(Records excerpted from a collection)
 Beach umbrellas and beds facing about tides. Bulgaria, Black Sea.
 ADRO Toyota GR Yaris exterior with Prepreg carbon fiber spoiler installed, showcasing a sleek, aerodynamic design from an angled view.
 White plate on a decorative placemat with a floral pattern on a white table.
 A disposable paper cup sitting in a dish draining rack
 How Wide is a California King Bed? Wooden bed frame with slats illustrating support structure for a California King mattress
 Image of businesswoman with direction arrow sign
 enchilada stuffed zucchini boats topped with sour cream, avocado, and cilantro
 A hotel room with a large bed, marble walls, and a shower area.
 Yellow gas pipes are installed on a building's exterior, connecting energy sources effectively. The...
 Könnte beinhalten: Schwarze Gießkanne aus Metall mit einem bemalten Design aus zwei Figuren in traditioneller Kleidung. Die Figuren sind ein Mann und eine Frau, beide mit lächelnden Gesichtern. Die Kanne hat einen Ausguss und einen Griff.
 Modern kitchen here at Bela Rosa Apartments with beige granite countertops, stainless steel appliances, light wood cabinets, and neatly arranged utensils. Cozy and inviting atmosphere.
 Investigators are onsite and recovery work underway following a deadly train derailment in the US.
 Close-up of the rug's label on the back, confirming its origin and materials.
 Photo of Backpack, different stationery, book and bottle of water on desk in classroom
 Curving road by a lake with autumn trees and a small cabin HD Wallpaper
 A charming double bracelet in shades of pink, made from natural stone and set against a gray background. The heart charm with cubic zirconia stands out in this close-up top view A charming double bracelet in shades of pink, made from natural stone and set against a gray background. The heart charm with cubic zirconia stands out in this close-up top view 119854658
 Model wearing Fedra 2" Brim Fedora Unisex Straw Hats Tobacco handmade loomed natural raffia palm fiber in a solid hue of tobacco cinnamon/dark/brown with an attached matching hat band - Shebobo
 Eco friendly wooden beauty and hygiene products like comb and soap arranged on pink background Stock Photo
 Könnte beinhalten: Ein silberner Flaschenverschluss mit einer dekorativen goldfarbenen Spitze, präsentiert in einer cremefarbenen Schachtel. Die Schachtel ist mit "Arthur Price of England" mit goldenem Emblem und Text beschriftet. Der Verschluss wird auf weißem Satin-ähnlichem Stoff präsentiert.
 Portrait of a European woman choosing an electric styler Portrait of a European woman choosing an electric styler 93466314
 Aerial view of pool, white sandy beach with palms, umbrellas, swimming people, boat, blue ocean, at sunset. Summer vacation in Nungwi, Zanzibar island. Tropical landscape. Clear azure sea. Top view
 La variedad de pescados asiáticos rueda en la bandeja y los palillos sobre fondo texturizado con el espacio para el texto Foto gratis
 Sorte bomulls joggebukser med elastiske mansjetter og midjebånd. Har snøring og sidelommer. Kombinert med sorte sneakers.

## TASK DIRECTIONS:
Wherever a line contains the string "beinhalten", copy that line from the data.

## COMPLETED EXERCISE:
 Könnte beinhalten: Schwarze Gießkanne aus Metall mit einem bemalten Design aus zwei Figuren in traditioneller Kleidung. Die Figuren sind ein Mann und eine Frau, beide mit lächelnden Gesichtern. Die Kanne hat einen Ausguss und einen Griff.
 Könnte beinhalten: Ein silberner Flaschenverschluss mit einer dekorativen goldfarbenen Spitze, präsentiert in einer cremefarbenen Schachtel. Die Schachtel ist mit "Arthur Price of England" mit goldenem Emblem und Text beschriftet. Der Verschluss wird auf weißem Satin-ähnlichem Stoff präsentiert.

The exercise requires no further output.